TASK MATERIAL »
>>>>

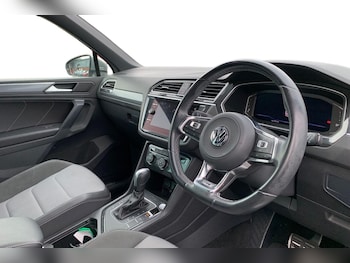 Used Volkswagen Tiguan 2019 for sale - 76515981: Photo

<<<<
>>>>

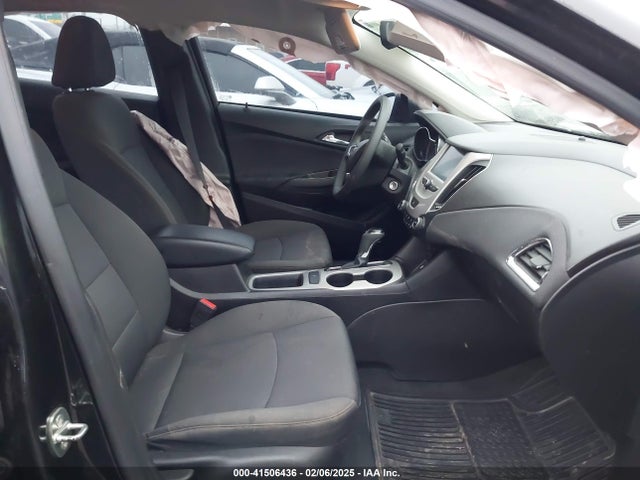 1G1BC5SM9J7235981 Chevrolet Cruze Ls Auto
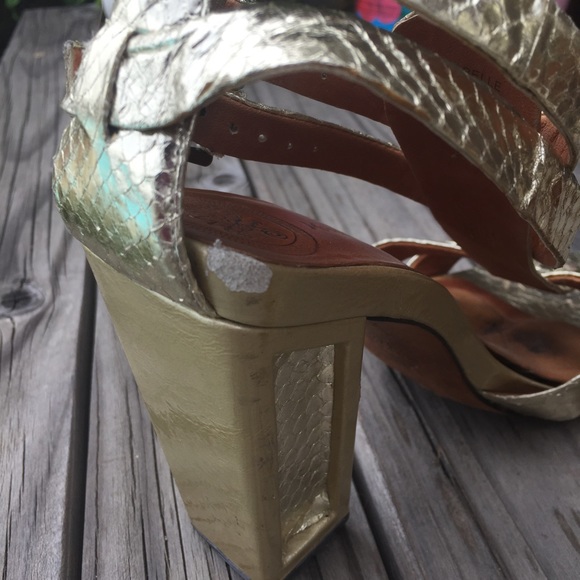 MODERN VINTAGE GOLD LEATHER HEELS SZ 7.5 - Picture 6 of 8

<<<<

Start at the line above containing "1G1BC5SM9J7235981 Chevrolet Cruze Ls Auto" and stop at the line containing "MODERN VINTAGE GOLD": print those lines and everything between them exactly, but not the pictures.

 1G1BC5SM9J7235981 Chevrolet Cruze Ls Auto
 MODERN VINTAGE GOLD LEATHER HEELS SZ 7.5 - Picture 6 of 8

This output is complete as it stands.